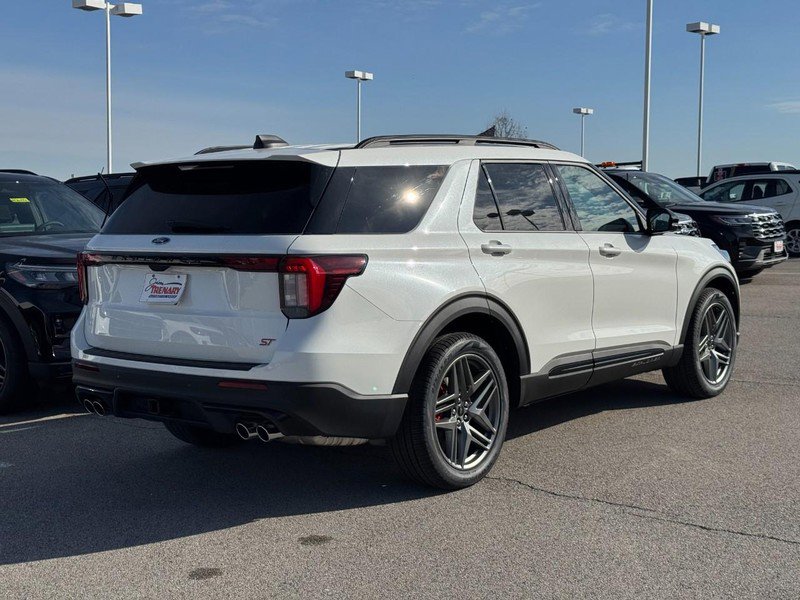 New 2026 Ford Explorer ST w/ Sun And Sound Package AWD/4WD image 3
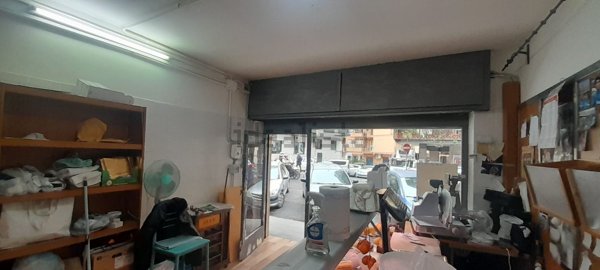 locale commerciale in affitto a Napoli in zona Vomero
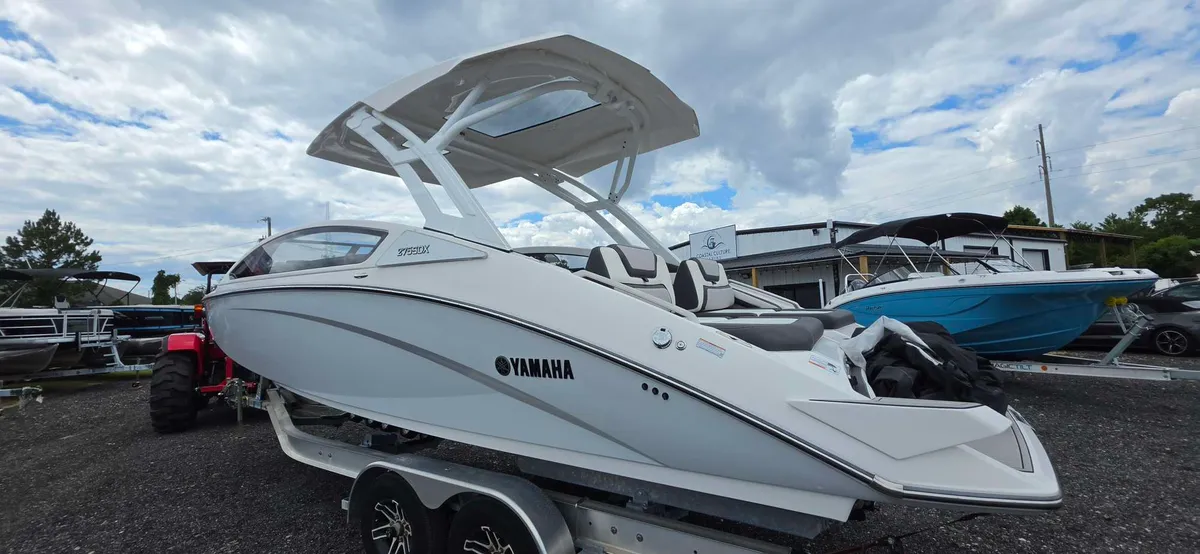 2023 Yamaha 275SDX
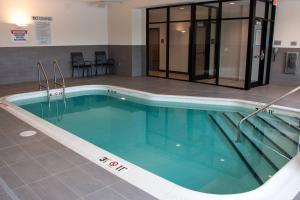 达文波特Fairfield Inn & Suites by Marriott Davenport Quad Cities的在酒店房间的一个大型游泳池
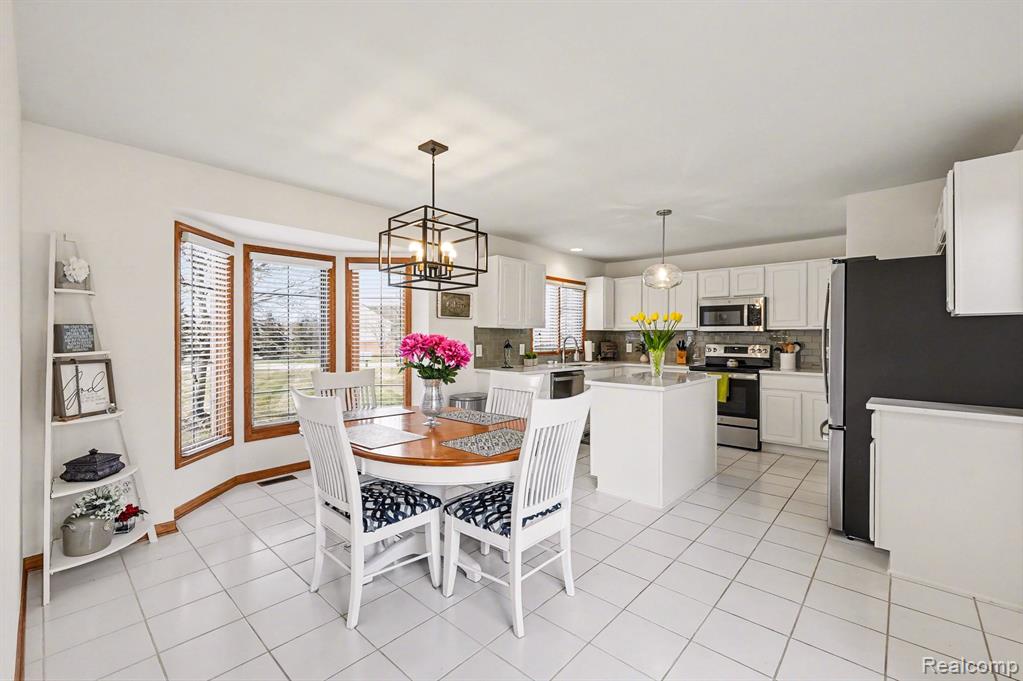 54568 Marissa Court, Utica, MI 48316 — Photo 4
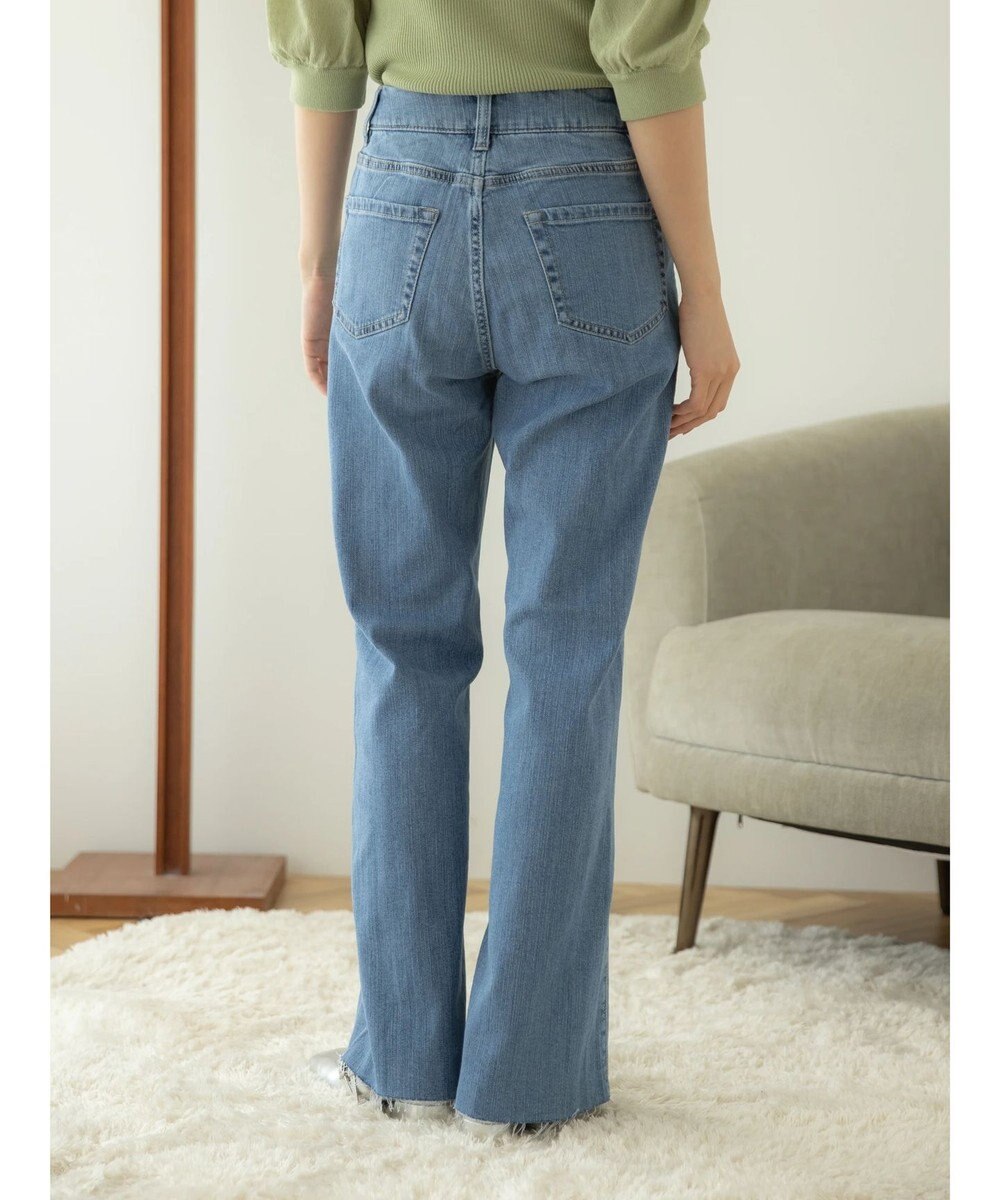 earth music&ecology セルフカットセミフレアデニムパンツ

---*---

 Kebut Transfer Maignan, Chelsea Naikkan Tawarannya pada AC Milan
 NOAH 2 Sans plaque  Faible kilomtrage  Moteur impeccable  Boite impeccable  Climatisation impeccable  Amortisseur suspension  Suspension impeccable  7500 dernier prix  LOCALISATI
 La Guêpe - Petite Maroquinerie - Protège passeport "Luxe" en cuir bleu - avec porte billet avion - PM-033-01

---*---

**Your instructions**
Precisely those lines above that run from the line with "54568 Marissa Court, Utica, MI" up to and including the line with "earth music&ecology セルフカットセミフレアデニムパンツ" are to be set down, with the pictures omitted.

**Result for this exercise**
 54568 Marissa Court, Utica, MI 48316 — Photo 4
 earth music&ecology セルフカットセミフレアデニムパンツ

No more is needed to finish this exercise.